■ The problem
Below, some lines carry pictures; leave those pictures out and retype exactly the lines from the one with "Hela cell; 4%" through the one with "con gái. Mẹ".

■ Data extracts
----
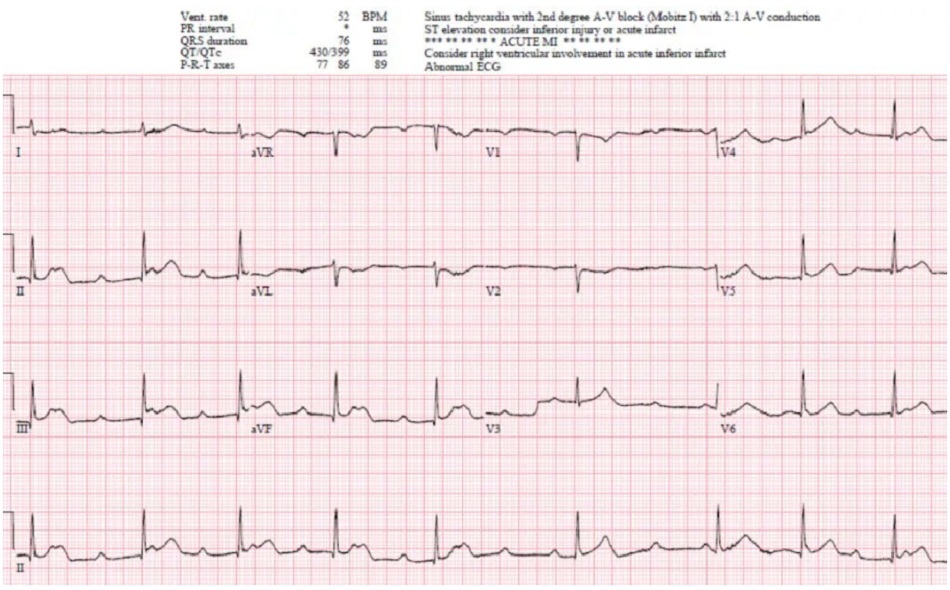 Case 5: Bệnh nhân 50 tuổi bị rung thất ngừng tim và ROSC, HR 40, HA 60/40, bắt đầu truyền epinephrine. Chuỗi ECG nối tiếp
----
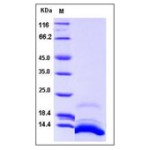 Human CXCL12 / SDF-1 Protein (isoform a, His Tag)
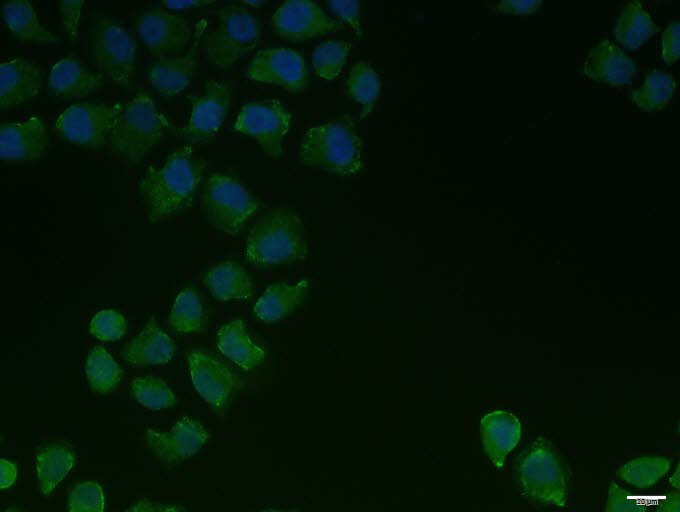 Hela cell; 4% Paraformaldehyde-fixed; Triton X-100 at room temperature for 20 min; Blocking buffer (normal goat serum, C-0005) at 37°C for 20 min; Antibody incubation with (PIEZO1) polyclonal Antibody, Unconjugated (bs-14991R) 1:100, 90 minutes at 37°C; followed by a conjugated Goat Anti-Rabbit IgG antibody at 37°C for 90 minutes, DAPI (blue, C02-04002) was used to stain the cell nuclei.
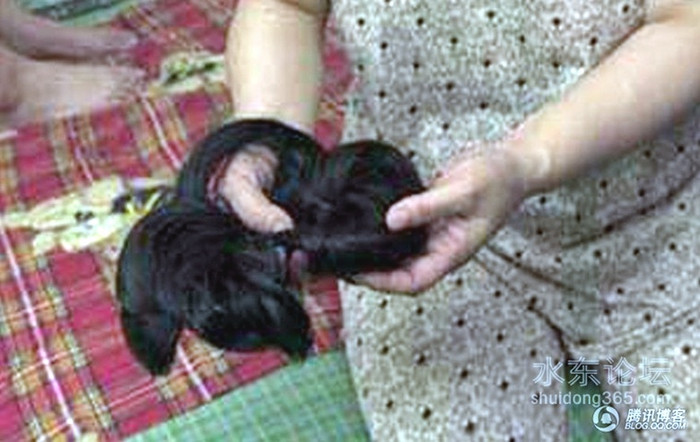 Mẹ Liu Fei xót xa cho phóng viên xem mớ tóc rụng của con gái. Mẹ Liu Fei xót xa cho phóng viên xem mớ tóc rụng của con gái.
----
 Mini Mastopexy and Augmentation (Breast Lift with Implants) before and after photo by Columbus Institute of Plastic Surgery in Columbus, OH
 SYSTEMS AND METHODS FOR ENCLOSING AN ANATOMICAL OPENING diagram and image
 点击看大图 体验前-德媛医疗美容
----
■ Written response
 Hela cell; 4% Paraformaldehyde-fixed; Triton X-100 at room temperature for 20 min; Blocking buffer (normal goat serum, C-0005) at 37°C for 20 min; Antibody incubation with (PIEZO1) polyclonal Antibody, Unconjugated (bs-14991R) 1:100, 90 minutes at 37°C; followed by a conjugated Goat Anti-Rabbit IgG antibody at 37°C for 90 minutes, DAPI (blue, C02-04002) was used to stain the cell nuclei.
 Mẹ Liu Fei xót xa cho phóng viên xem mớ tóc rụng của con gái. Mẹ Liu Fei xót xa cho phóng viên xem mớ tóc rụng của con gái.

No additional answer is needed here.